Mas vamos devagar com o andor. O Brasil é um país miscigenado. O maior grupo populacional são os “pardos” (terminologia do Censo), também designados como mulatos ou morenos. Nas duas pontas, os brancos e os pretos propriamente ditos. O que os define é a cor da pele, não o sinistro conceito do “pingo de sangue”, que leva os norte-americanos a considerar negros quem quer que tenha um minúsculo traço de “negritude”. Para eles, a candidata presidencial Kamala Harris, que para nós é manifestamente morena, é preta. E, felizmente, não adotamos a hipocrisia “politicamente correta” de os denominar “afro-americans”. Para nós, preto é preto, moreno é moreno, branco é branco. E nunca é demais lembrar que foi só em 1957, no episódio de Little Rock (Arkansas), que a segregação racial no transporte escolar foi proibida, por ordem da Suprema Corte.

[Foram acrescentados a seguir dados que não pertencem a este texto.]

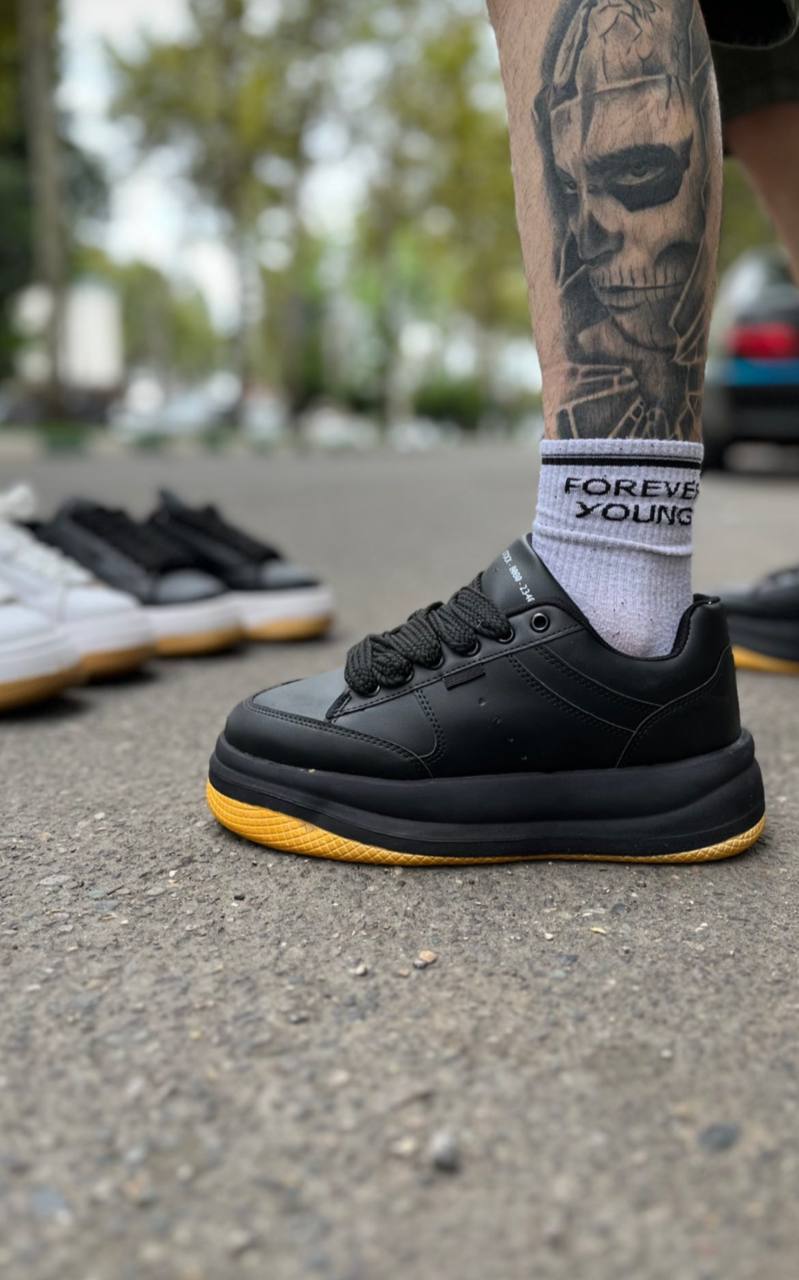 کتونی خفن  کلاسیک مردانه  breshka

Muito pior que a herança escravista, no Brasil, o que mais espanta é vermos a própria máquina do Estado, em vez de exercer uma influência igualitária, configurar-se cada vez mais como um obstáculo à mobilidade, vale dizer, um agravante da petrificação e das desigualdades. No passado, o segmento que mais se destacava nesse nefando papel era a advocacia. Hoje, com a “proletarização” dos bacharéis, as posições de poder mais influentes são as dos especialistas em economia e dos militares. Nessas duas áreas, podemos afirmar sem temor de errar que os filhos, com um regular preparo educacional, “herdarão” a condição de casta dos pais.

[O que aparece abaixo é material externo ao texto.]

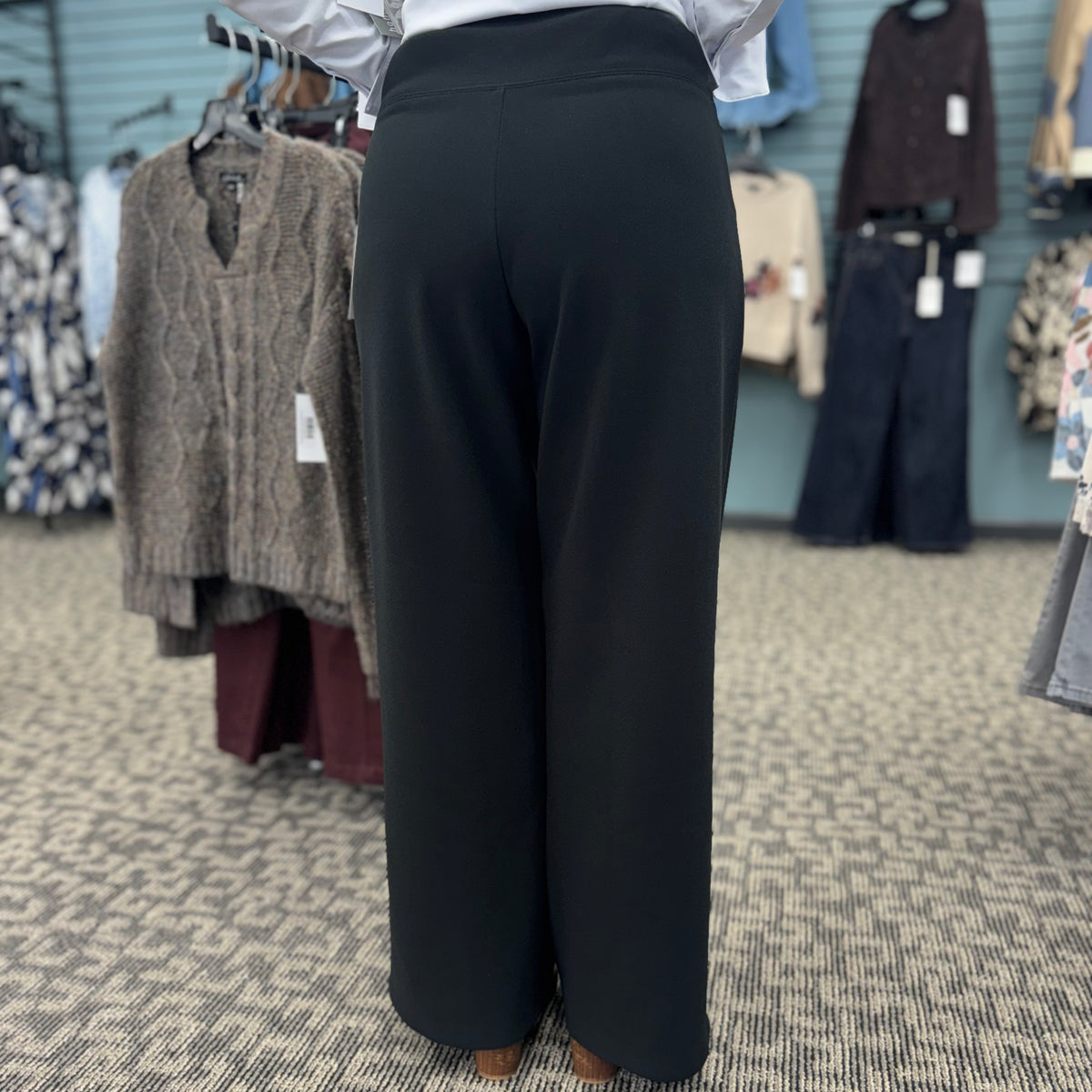 Soffio Crepe Easy Wide Leg Pant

Analisar a participação do Judiciário nesse processo seria trabalho para meses. Com o beneplácito dos leitores, vou, pois, me limitar à contribuição prestada por Ricardo Lewandowski, um exímio conhecedor de certas áreas turvas da “Constituição Cidadã”. Qualquer primeiranista de Direito sabe que a Constituição permite aos juízes acumular os proventos precípuos da função judicante com aulas, ou seja, com atividades de ensino, em estabelecimentos para tal credenciados, seguindo o currículo vigente e procedendo à chamada nominal dos estudantes. Aulas, permitam-me sublinhar. Mas a Constituição absolutamente não permite acumular os proventos da função com palestras, que são exposições regiamente remuneradas, geralmente contratadas por grandes empresas, com o objetivo de esclarecer alguma matéria importante para suas atividades lucrativas. Pois bem: anos atrás, ocupando a presidência do Conselho Nacional de Justiça, o douto ministro Lewandowski decidiu que aula e palestra são a mesma coisa. Aberta, assim, a porteira, numerosos juízes passaram a atender a convites para palestras. Consta que muitos chegaram mesmo a constituir empresas para melhor organizar a gestão desse ramo de negócios. Em vez dos R$ 3 mil ou R$ 4 mil a que tinham (têm) direito como professores, passaram a auferir R$ 50 mil ou mais por hora, palestreando para públicos empresariais. Há quem afirme que algumas dessas palestras nem chegam a ser proferidas, servindo apenas como biombos para outros objetivos, entre os quais não descabe cogitar que se incluam lavagens de dinheiro.

Concluo com o óbvio. A máquina do Estado, em geral, e o Judiciário, em particular, parecem estar se transformando em engrenagens do nosso nascente sistema de castas. Sobre a base da pirâmide, quero dizer, as castas mais baixas, não há o que acrescentar. Sabemos todos que sobrevivem na mais cruel degradação, sem saber hoje se terão o que comer amanhã.